Write the listing out once more, identical to the original but without pictures.
━━━━━━━━━━━━━━━━━━━━
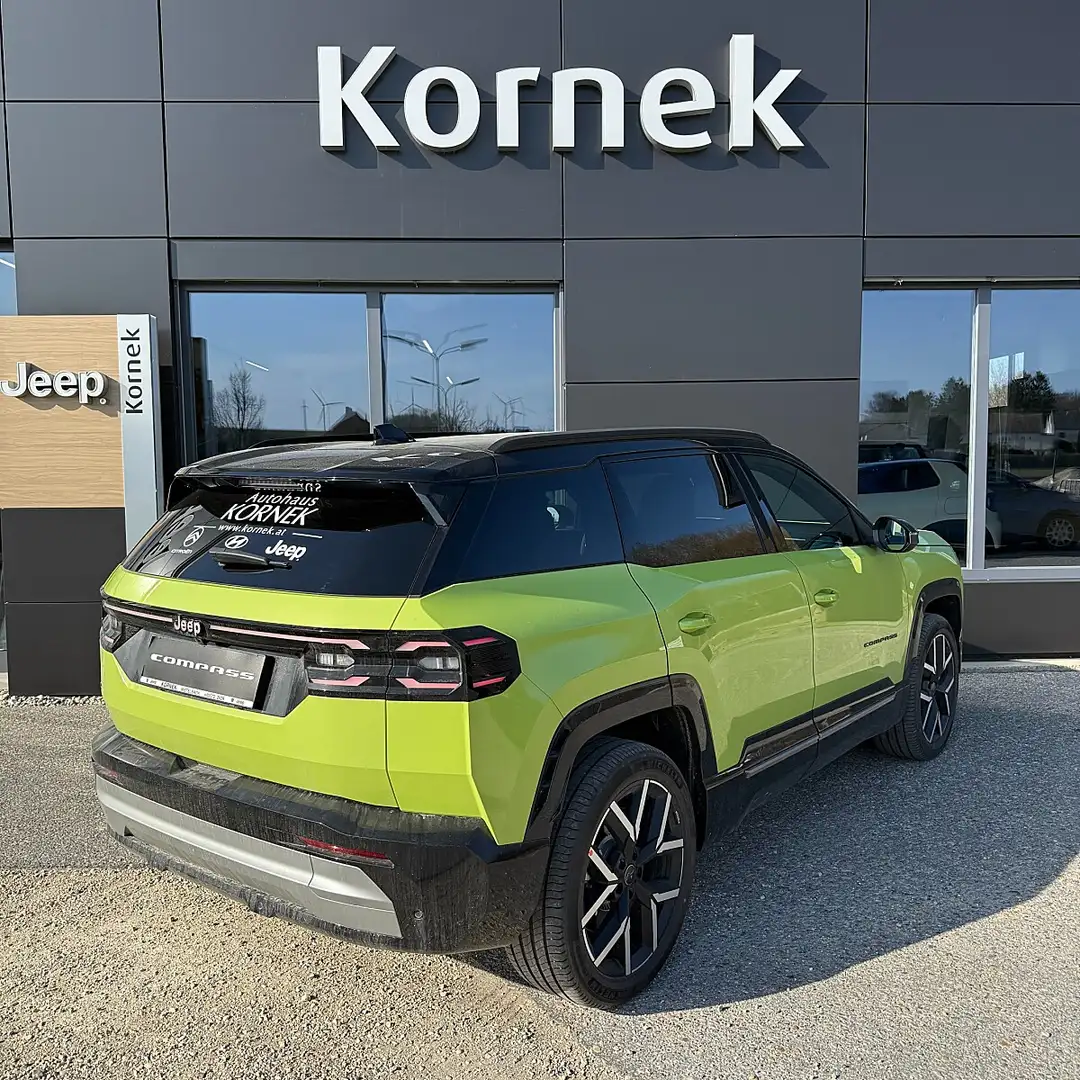Jeep Compass EV 74kWh First Edition inkl. aller möglicher Fi... Grün - 2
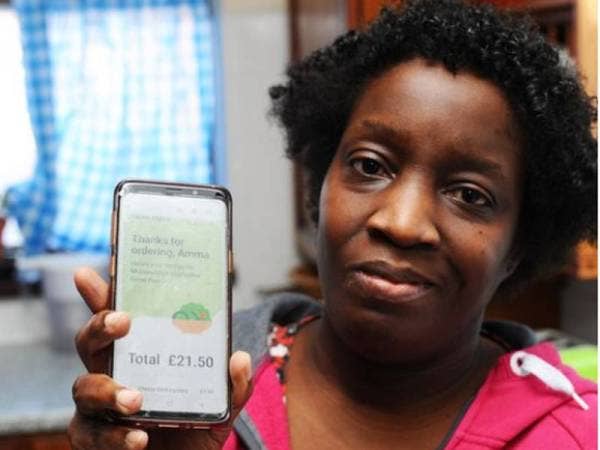 Mensah menunjukkan jumlah wang yang perlu dibayar melalui aplikasi tersebut.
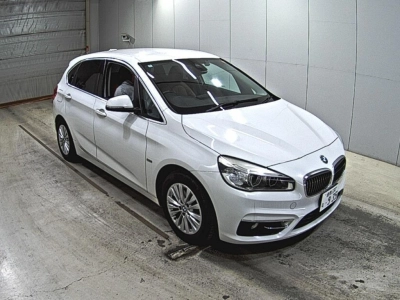 BMW 2 SERIES
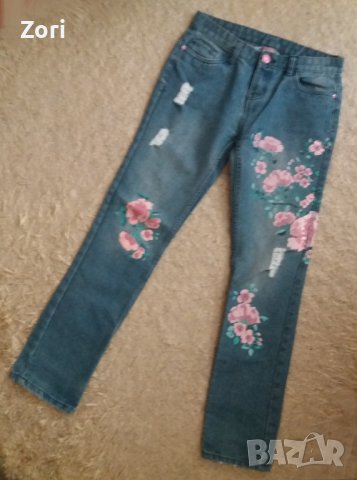 УНИКАЛНИ рисувани дамски дънки с накъсан ефект, снимка 1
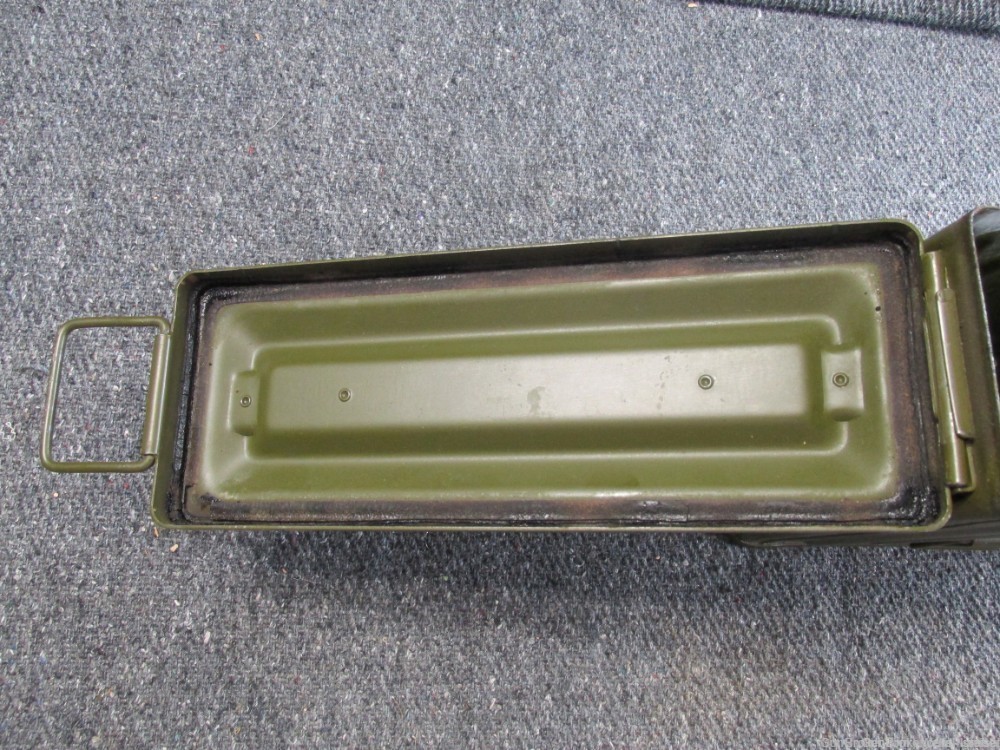 USGI WWII .30 CALIBER AMMO CAN WITH ORIGINAL PAINT (HARD TO FIND)-img-13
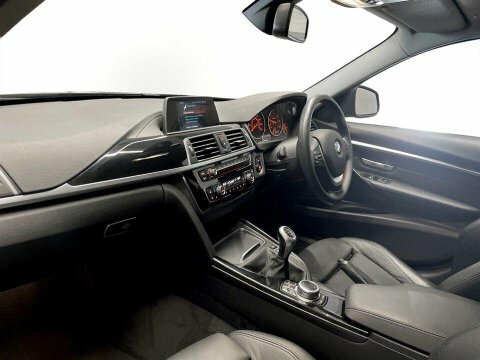 BMW 3 Series 330E M Sport White #15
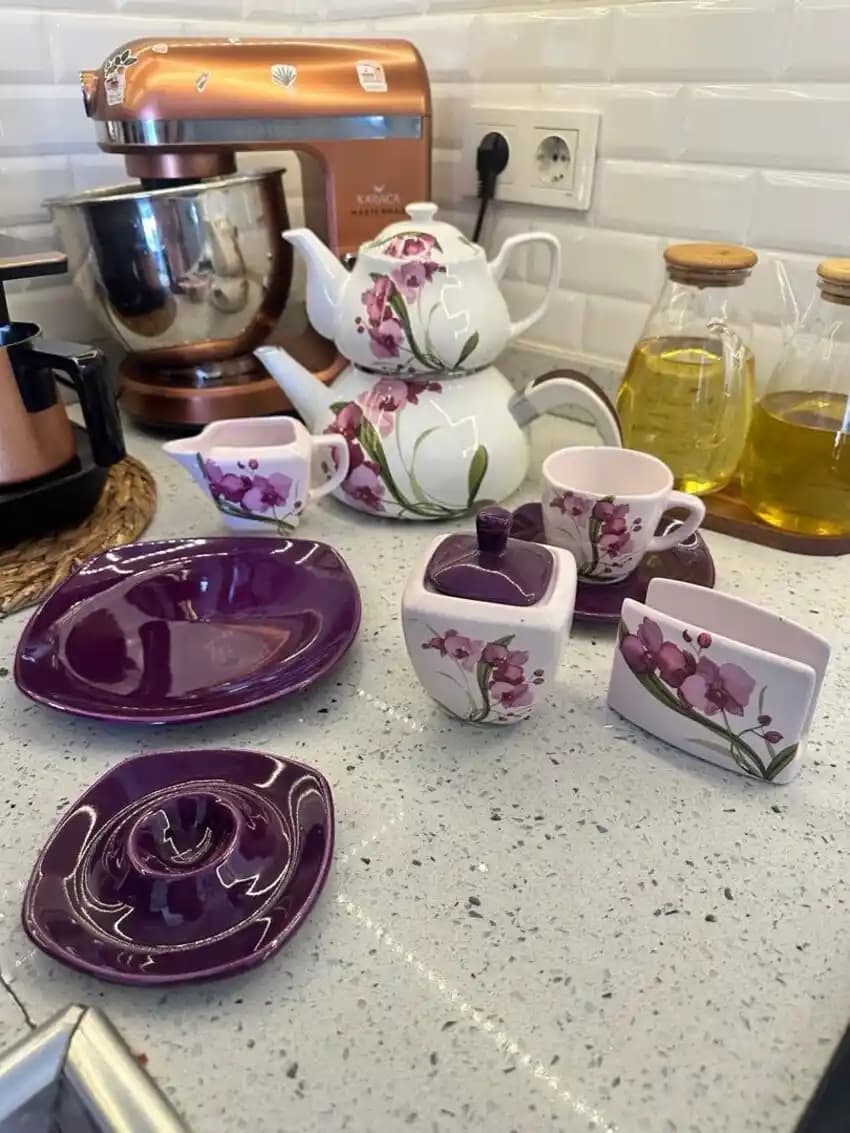 Karaca Flores Kahvaltı Takımıyla Ev Dekorasyonunuza Şıklık Katın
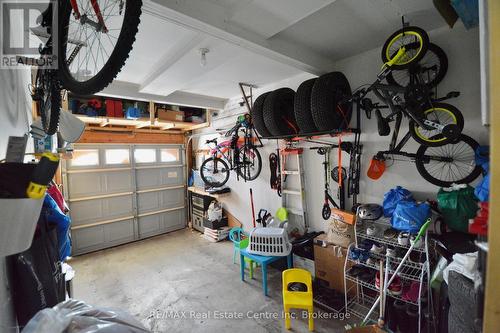 76 - 30 Imperial Road S, Guelph (Willow West/Sugarbush/West Acres), ON - Indoor Photo Showing Garage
━━━━━━━━━━━━━━━━━━━━
_Output for this task_
Jeep Compass EV 74kWh First Edition inkl. aller möglicher Fi... Grün - 2
 Mensah menunjukkan jumlah wang yang perlu dibayar melalui aplikasi tersebut.
 BMW 2 SERIES
 УНИКАЛНИ рисувани дамски дънки с накъсан ефект, снимка 1
 USGI WWII .30 CALIBER AMMO CAN WITH ORIGINAL PAINT (HARD TO FIND)-img-13
 BMW 3 Series 330E M Sport White #15
 Karaca Flores Kahvaltı Takımıyla Ev Dekorasyonunuza Şıklık Katın
 76 - 30 Imperial Road S, Guelph (Willow West/Sugarbush/West Acres), ON - Indoor Photo Showing Garage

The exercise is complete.